Miguel notó que el pañuelo de Hannah se había soltado y que un grueso mechón de pelo negro le caía sobre la frente. La mujer había vuelto hacía muy poco a la fe judía y acaso no entendiera la importancia de una ley que prohibía que una mujer casada mostrara sus cabellos a ningún hombre que no fuera a su esposo. A Miguel este mandato se le había antojado un tanto extraño cuando llegó a Amsterdam, pero hasta tal punto había asimilado su necesidad que difícilmente se hubiera sentido más violento si la mujer le hubiera mostrado los pechos… los cuales eran grandes y de considerable interés.

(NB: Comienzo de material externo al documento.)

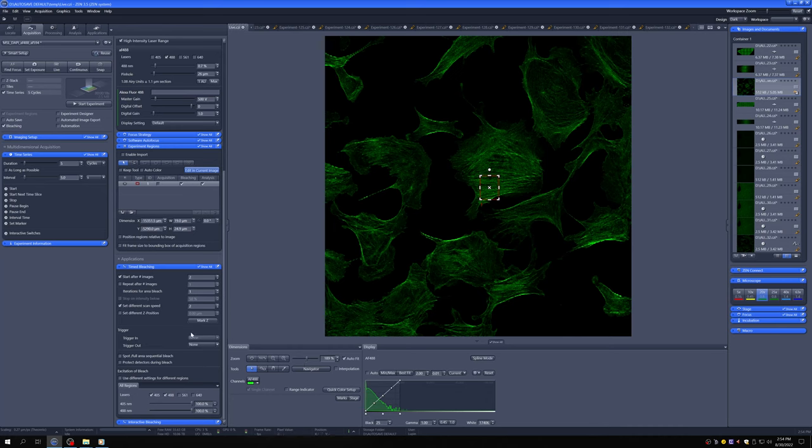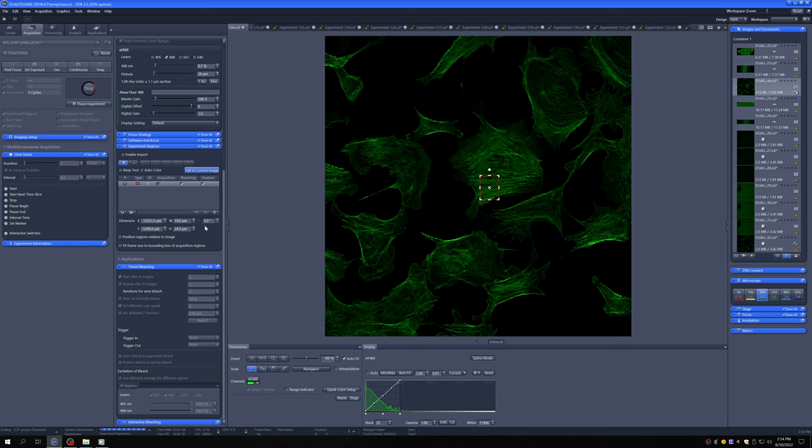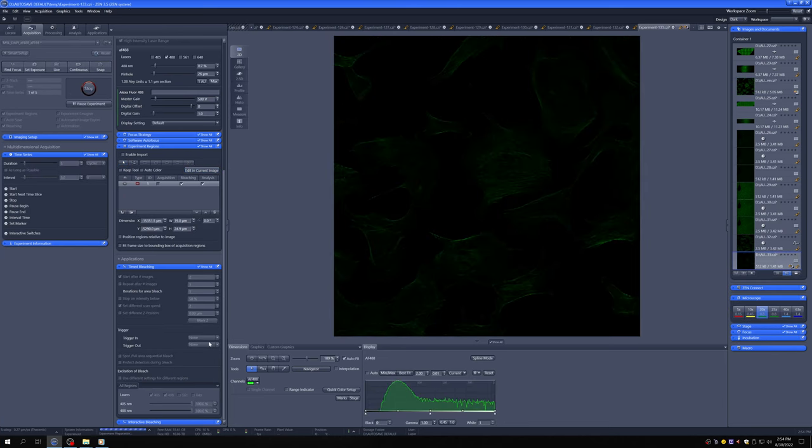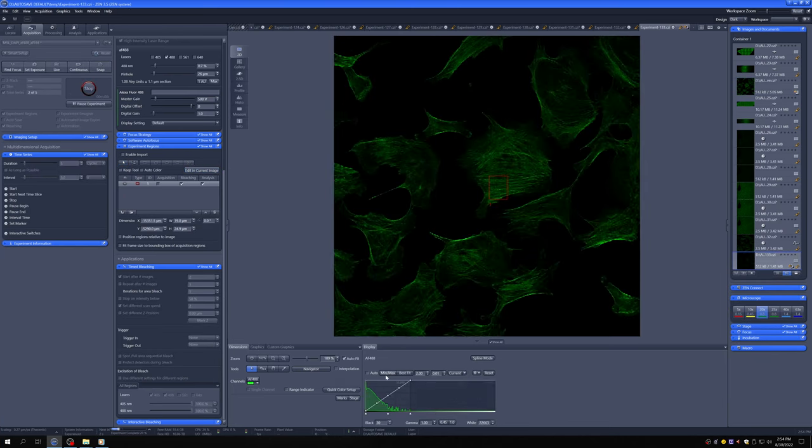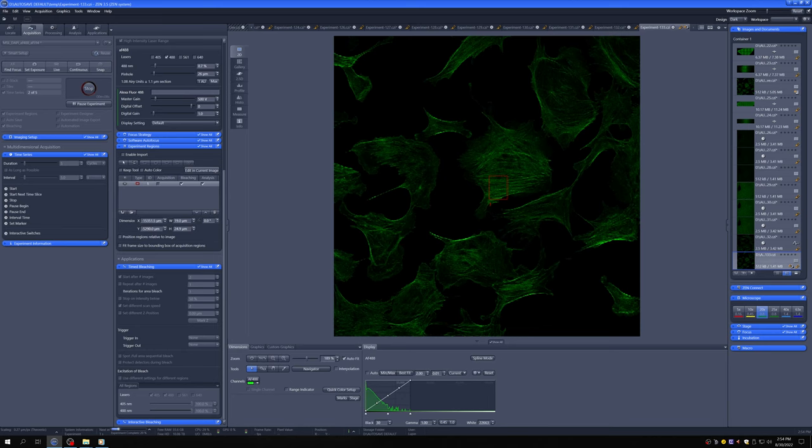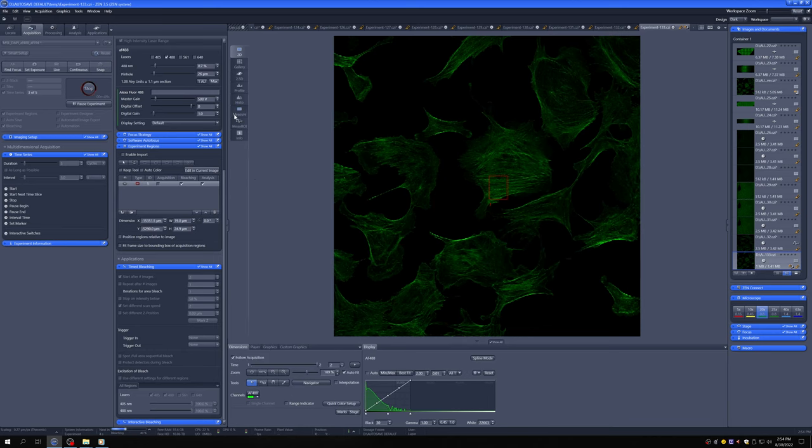Once you have them set up, and I've played around with it a little bit to make sure that this will cause some bleaching, you say start experiment. And so what will happen in the way I have it designed is it'll take two images and then it'll do the bleaching, and we can see here in mean ROI the measurement of the intensity in that ROI.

Así pues, el mechón de cabello le resultaba a Miguel extrañamente excitante.

– Tal vez podríais probarlo algún día -dijo Miguel con un aturullamiento excesivo. Sintió que el rostro se le enrojecía y el pulso se le aceleraba. Sus ojos se clavaron en aquel mechón. En un instante supo cómo sería al tacto: suave y frágil a la par; podía percibir su aroma húmedo. ¿Sabía ella que se estaba exponiendo de aquella forma? No, imposible. Miguel hubiera querido decir algo para ayudarla a rectificar su error antes de que Daniel se diera cuenta, pero si le decía que se había expuesto de aquella forma, sin duda se sentiría mortificada.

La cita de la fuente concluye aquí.